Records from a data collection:
---*---

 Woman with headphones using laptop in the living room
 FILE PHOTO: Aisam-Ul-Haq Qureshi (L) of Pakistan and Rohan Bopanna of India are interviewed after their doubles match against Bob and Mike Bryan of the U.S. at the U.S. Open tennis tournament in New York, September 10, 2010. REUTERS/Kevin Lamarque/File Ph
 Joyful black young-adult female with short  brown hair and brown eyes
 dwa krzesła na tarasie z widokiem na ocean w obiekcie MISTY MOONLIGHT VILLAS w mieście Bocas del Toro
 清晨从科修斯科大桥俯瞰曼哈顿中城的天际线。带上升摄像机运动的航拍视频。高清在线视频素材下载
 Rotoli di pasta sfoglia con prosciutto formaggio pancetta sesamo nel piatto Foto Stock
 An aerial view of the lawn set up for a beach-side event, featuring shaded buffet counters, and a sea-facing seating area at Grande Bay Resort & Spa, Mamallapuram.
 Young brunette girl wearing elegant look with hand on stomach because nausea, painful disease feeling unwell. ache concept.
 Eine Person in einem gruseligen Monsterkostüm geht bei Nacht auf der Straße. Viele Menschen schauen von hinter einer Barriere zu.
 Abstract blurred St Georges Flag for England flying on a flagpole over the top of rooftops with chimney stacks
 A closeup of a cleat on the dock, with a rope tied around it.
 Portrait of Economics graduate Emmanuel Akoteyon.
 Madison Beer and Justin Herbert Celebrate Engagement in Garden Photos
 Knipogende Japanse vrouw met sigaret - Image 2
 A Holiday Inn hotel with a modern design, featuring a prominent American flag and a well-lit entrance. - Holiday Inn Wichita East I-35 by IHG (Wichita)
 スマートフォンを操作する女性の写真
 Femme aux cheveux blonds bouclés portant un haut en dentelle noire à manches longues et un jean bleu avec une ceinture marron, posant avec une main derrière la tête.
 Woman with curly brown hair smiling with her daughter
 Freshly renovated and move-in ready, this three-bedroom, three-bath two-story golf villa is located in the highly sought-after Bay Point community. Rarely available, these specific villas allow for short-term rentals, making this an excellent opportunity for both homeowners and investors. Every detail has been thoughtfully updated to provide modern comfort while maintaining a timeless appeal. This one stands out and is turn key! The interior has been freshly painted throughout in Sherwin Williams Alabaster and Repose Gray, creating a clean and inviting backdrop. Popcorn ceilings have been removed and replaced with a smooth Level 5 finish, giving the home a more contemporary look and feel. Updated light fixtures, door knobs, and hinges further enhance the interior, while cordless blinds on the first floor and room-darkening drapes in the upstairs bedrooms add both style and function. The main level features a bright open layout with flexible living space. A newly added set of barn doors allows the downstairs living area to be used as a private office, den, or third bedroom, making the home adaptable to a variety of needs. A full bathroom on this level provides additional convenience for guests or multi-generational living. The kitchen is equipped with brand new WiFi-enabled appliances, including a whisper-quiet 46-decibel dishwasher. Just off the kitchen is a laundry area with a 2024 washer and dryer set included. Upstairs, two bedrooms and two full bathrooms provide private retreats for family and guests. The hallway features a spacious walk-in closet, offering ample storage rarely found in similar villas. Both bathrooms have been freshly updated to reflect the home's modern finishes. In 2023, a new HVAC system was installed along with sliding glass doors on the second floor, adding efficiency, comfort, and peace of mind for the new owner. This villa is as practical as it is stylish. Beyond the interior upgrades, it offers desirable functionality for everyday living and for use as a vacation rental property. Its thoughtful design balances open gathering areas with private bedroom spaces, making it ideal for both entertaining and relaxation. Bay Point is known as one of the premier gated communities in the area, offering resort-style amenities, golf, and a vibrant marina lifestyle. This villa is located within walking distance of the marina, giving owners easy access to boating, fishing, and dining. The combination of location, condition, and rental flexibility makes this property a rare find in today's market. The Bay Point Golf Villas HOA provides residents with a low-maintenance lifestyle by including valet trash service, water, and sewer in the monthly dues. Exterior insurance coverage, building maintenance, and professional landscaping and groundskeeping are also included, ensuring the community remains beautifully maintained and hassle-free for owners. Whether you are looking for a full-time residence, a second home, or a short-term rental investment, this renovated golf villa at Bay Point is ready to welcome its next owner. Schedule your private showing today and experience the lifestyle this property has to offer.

---*---

__Problem statement__:
Scan the lines above for "Portrait of Economics" and for "Woman with curly". Repeat exactly the line holding each of them and every line in between.

__Written response__:
 Portrait of Economics graduate Emmanuel Akoteyon.
 Madison Beer and Justin Herbert Celebrate Engagement in Garden Photos
 Knipogende Japanse vrouw met sigaret - Image 2
 A Holiday Inn hotel with a modern design, featuring a prominent American flag and a well-lit entrance. - Holiday Inn Wichita East I-35 by IHG (Wichita)
 スマートフォンを操作する女性の写真
 Femme aux cheveux blonds bouclés portant un haut en dentelle noire à manches longues et un jean bleu avec une ceinture marron, posant avec une main derrière la tête.
 Woman with curly brown hair smiling with her daughter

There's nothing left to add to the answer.